» SOURCE DATA:

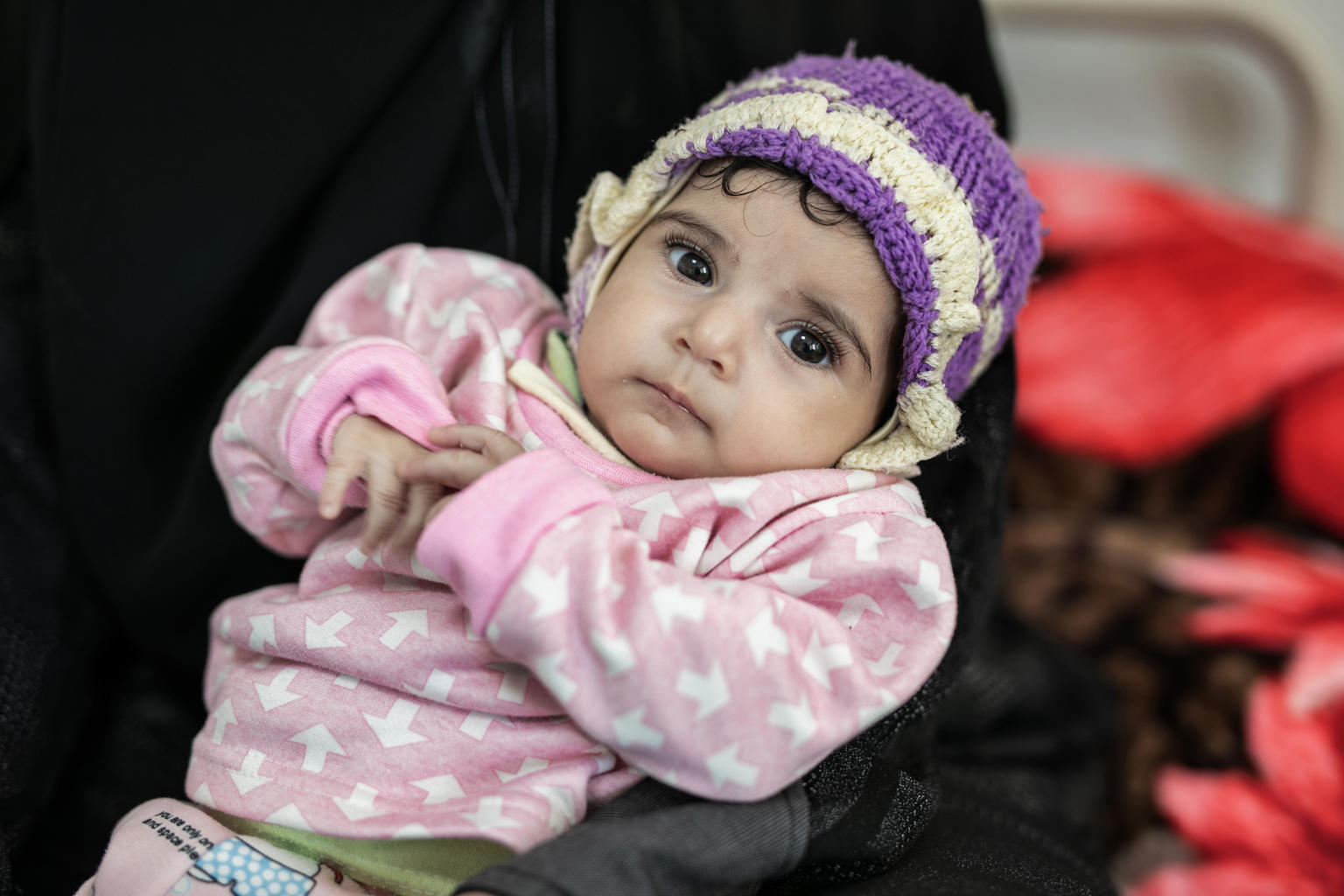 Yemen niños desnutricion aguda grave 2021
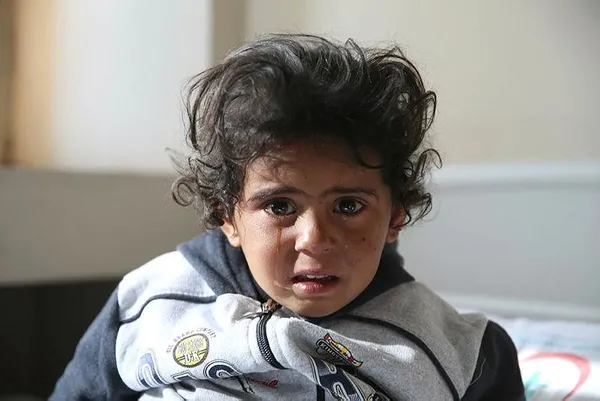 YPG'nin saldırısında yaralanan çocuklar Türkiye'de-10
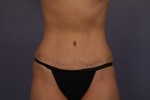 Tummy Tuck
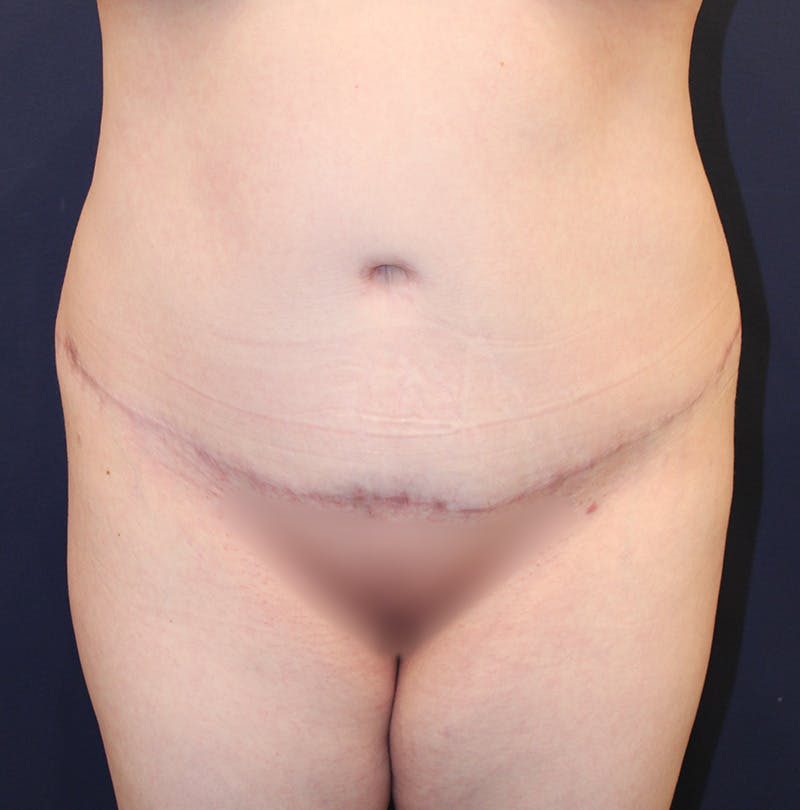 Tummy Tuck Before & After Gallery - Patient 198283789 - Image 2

» WORK TASK: Leave out the images and write out the listing above exactly.

» RESPONSE:
 Yemen niños desnutricion aguda grave 2021
 YPG'nin saldırısında yaralanan çocuklar Türkiye'de-10
 Tummy Tuck
 Tummy Tuck Before & After Gallery - Patient 198283789 - Image 2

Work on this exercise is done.